The Health Research Data Platform - Saskatchewan, or HRDP-SK, will be Saskatchewan’s first fully integrated and streamlined multi-agency data access platform for health research and analysis.

• Make evidence-based decisions
• Study patterns of care, health utilization and costs
• Drive system improvement and transformation
• Influence and advise health policy, programming and funding
• Provide information about disease trends and risk factors
• Analyze outcomes of treatments and health interventions

The HRDP-SK is a platform that streamlines the process for researchers to access health data.
 

The HRDP-SK will build significant research capacity and may be leveraged in the future to build capacity for other secondary data purposes. The platform will be beneficial to both researchers and health organizations. Researchers will have timely, appropriate, reliable and predictable access to health system Data in a remote access environment. The HRDP-SK team and health organizations will work collaboratively to implement standardized and efficient processes for managing data access requests and data sharing, thus minimizing variation, redundancies and inefficiencies.
 

Development of the HRDP-SK is being funded by Saskatchewan Centre for Patient-Oriented Research and its partners: eHealth Saskatchewan, University of Saskatchewan, University of Regina, Saskatchewan Polytechnic, First Nations University of Canada, Saskatchewan Research Health Foundation, Saskatchewan Cancer Agency, Saskatchewan Health Authority, Saskatchewan Health Quality Council and the Saskatchewan Ministry of Health.

The Data included in the HRDP-SK contains information about people and providers who have interacted with Saskatchewan health care services.

• The information in the HRDP-SK central repository is de-identified, which means that all patient and provider information that could potentially identify an individual has been removed or replaced (e.g., name, telephone number, address, and identifying numbers such as Health Services Number, chart number)
   
• Before the Data can be used, the individual’s health card number is masked, which means the real number is replaced with a fake number.
   
• Any results that are used by researchers must be anonymized. This means no single person can be identified. For example, each number must represent at least five people.

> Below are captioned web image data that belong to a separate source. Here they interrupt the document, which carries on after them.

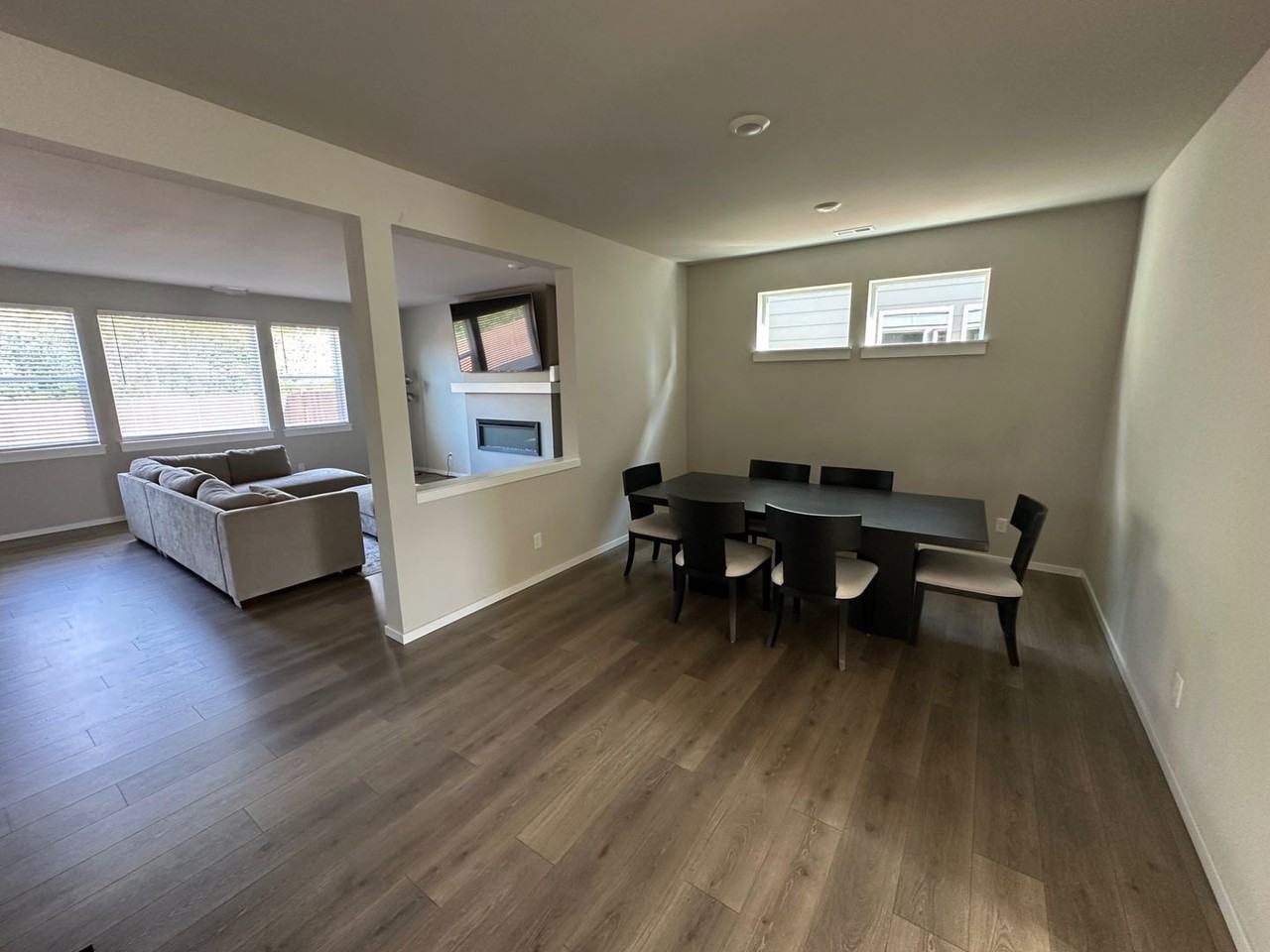 2406 Hyde Ct Ne - Photo 2 of 35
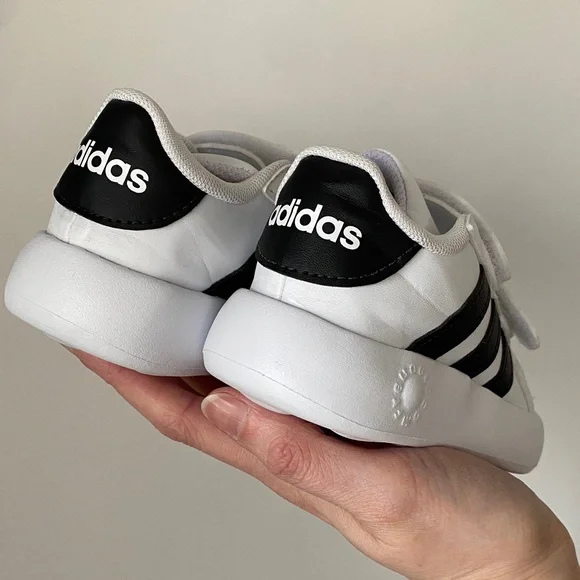 Adidas Toddler Grand Court 2.0 Sneaker - Picture 4 of 10
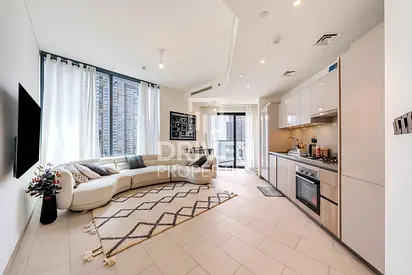 Tenanted | Mid floor | Furnished | 04 Series Unit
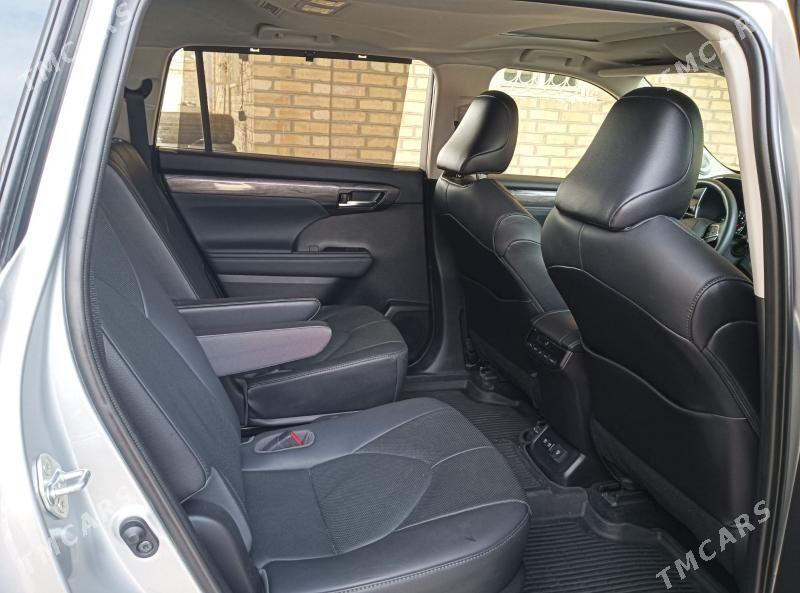 Toyota Highlander 2021 - 620 000 TMT - Mary - img 4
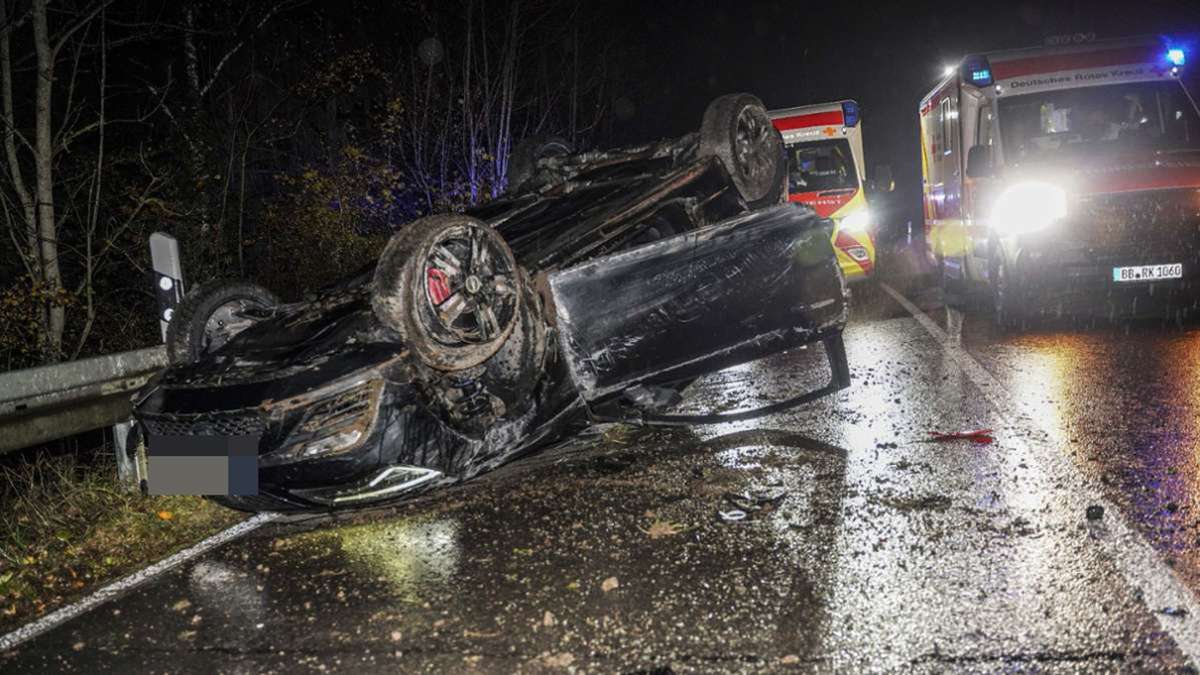 Spektakulärer Unfall bei Renningen: Erst Graben, dann Böschung, am Ende kopfüber auf der Straße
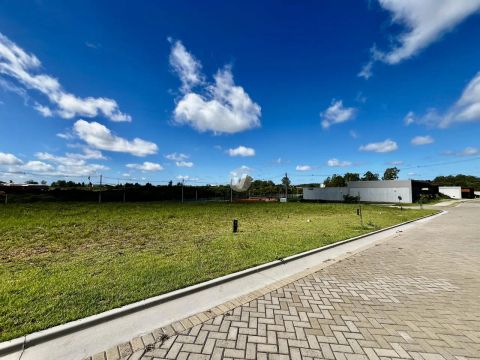 Lote no Condomínio Casa Viva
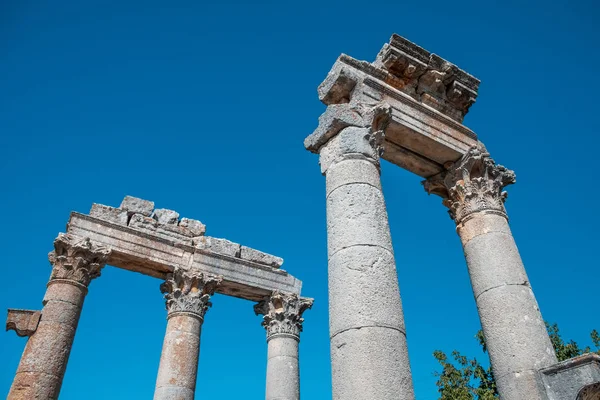 Ruins Uzuncaburc Óváros Márvány Oszlopok — Stock Fotó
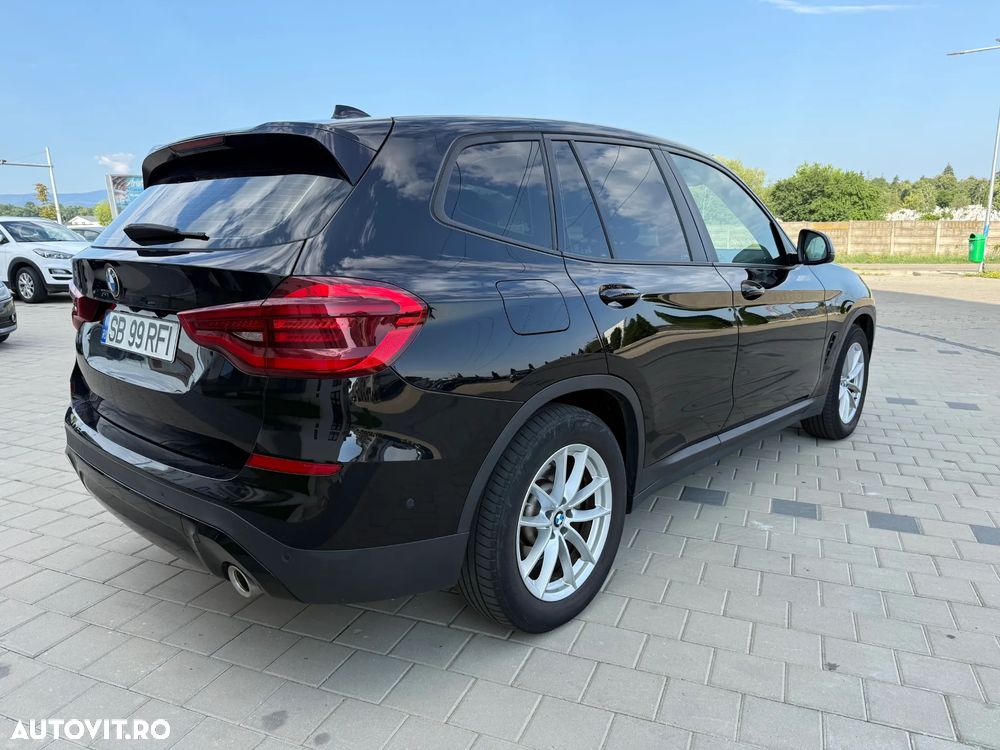 BMW X3 xDrive20d AT Luxury Line - 4
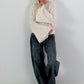 Weicher Pullover mit stylischen Trompetenärmeln - beige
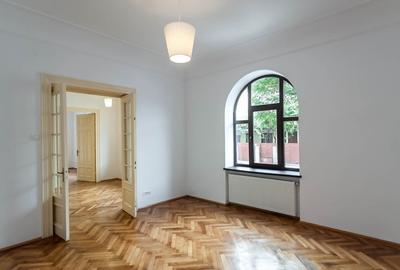 Inchiriere 4 camere , rezidential / birou, cladire interbelica, Piata Victoriei Inchiriere 4 camere , rezidential / birou, cladire interbelica, Piata Victoriei - 2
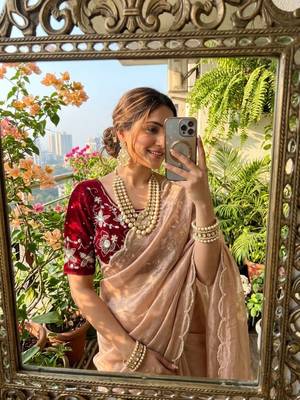 Peach Color embroidery And sequence Work  chiffon Saree 2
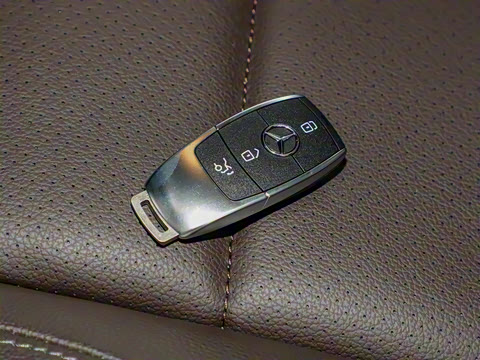 2025�� GLE 400 e 4MATIC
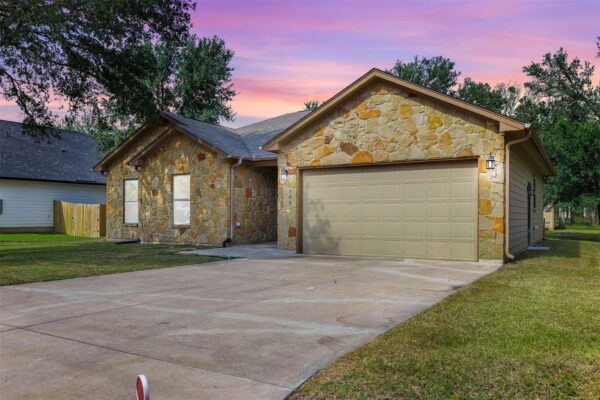 108 Pohakuloa Dr, Bastrop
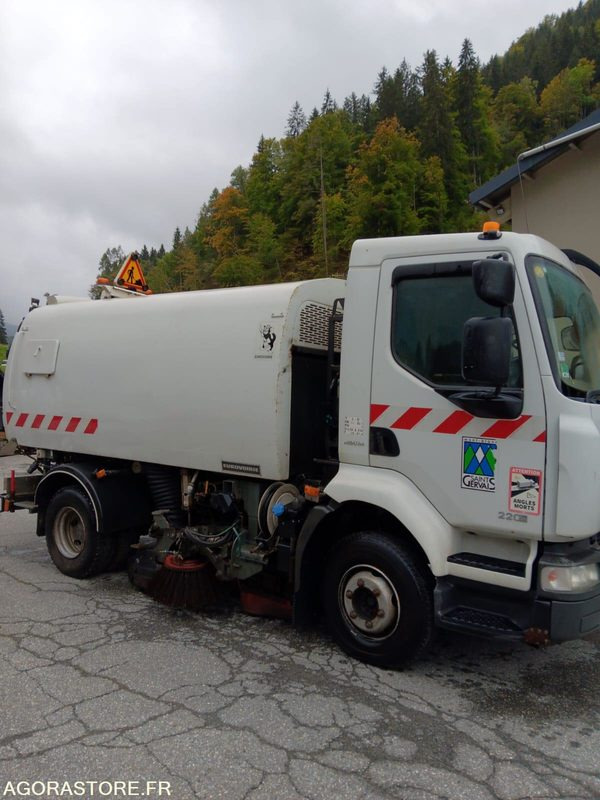 BALAYEUSE de Voiries- RENAULT MIDLUM 220 DXI avec aspiratrice EUROVOIRIE - Măturătoare stradală: Foto 4 BALAYEUSE de Voiries- RENAULT MIDLUM 220 DXI avec aspiratrice EUROVOIRIE - Măturătoare stradală: Foto 4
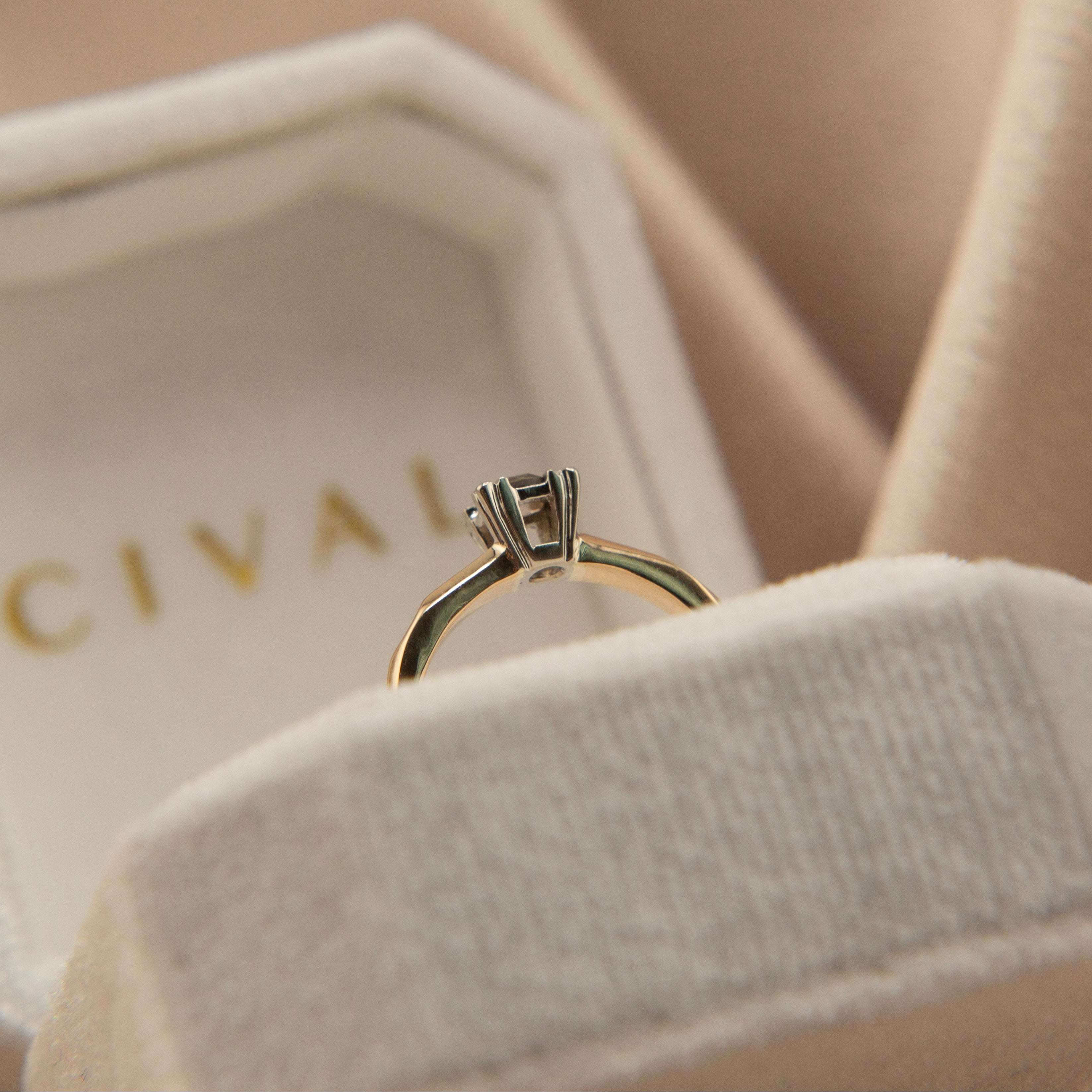 14k two tone rose cut solitaire | sz 4.75
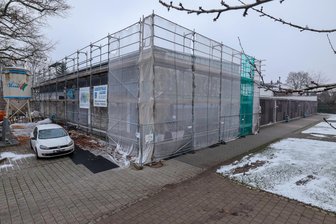 Sportzentrum Lichtenstein: Bauverzug „nicht ausgeschlossen“ - Dach und Fassade des Empfangsgebäudes werden derzeit saniert.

1. Discharge Abstract Database
    
2. Person Health Registry System
    
3. Medical Services Branch - Physician Billing Data
    
4. Prescription Drug Data
    
5. National Ambulatory Care Reporting System

• Researchers will complete the Data Access Process for Research Teams.
   
• Organizations who are the owners of the Data being requested (or Trustees, if the data is personal health information pursuant to The Health Information Protection Act), will review the request and, if it is in alignment with The Health Information Protection Act, they will approve a disclosure of Data per the request.
   
• A research agreement will be created between the research team and the data owner(s) or Trustee(s) to outline the details of what Data will be shared and the processes the team is required to follow.
   
• The HRDP-SK team will provide orientation and support members from the research team to set up their account to become authorized HRDP-SK users.
   
• The HRDP-SK team will extract the requested Data and place it in a secure research environment where the researchers will complete their analysis.
   
• When their analysis is complete, the HRDP-SK users will request their outputs be vetted by the HRDP-SK team. This includes a detailed review to ensure that the Data being released is anonymized (i.e., could not identify individuals).
   
• Throughout this process, the HRDP-SK users are supported with consultations and training. They will be provided access to extensive resources, including a data dictionary and database overviews, which will support increased data literacy and effective use of Data.